It always shows Unauthorized

I'm currently using :

   "passport": "^0.4.0",
   "passport-jwt": "^3.0.1"

Can anyone please tell me what I'm missing ?

morozRed commented 6 years ago

Hi everyone, make sure that you guys are using the same secret to .sign() and .verify() token

eric-personal commented 6 years ago

Having the same issue as theakshaygupta. This happens when tokens have expired.

router.get('/profile', passport.authenticate('jwt', { session: false }), (req, res) => {
    res.json({
        user: req.user
    })
})

passport.authenticate does not pass off the error. If I do this.

passport.authenticate('jwt', { session: false }, (error, user, info) => {
  console.log('error = ', error, ' info = ', info, '  user = ', user);
});

Then info shows the expired error message. The question is why does it not pass off this to my first method ?

joshdenz commented 6 years ago

@theakshaygupta

Are you sure that jwt_payload.sub holds the data you think it does?

You sign your token with the payload {data: user}, so to my eyes it looks like you should be looking for jwt_payload.data.user._id in your passport.js file and not jwt_payload.sub.

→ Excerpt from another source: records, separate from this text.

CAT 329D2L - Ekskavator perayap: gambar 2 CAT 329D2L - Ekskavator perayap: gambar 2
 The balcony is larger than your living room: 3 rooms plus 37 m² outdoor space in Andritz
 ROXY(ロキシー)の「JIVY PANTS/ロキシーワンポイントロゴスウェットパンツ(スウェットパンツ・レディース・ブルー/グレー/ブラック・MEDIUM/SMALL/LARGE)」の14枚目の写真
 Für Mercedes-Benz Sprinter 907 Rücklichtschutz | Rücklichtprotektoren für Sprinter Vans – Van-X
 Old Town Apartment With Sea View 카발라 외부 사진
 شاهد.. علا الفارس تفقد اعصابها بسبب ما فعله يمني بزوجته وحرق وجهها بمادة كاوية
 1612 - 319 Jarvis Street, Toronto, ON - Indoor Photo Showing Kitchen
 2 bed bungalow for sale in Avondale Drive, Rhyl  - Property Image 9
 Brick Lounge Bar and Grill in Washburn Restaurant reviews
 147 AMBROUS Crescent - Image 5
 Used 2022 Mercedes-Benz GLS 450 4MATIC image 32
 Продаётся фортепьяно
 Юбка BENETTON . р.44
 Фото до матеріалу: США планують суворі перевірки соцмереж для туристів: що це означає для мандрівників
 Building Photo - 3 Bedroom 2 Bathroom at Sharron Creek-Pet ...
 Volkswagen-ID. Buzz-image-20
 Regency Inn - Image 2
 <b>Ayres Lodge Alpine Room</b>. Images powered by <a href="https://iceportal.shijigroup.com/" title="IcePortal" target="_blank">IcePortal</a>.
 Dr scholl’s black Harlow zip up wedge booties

marsch commented 6 years ago

just as a note to everyone facing that problem. For me it was a missmatch in the parameter naming. Reading the code of the jsonwebtoken package was helping me:

verify.js

...
if (options.issuer) {
    var invalid_issuer =
        (typeof options.issuer === 'string' && payload.iss !== options.issuer) ||
        (Array.isArray(options.issuer) && options.issuer.indexOf(payload.iss) === -1);

    if (invalid_issuer) {
      return done(new JsonWebTokenError('jwt issuer invalid. expected: ' + options.issuer));
    }
  }
...

there you can see that the jwt-payload itself needs to have the iss key not the issuer key. Same with the aud vs. audience key.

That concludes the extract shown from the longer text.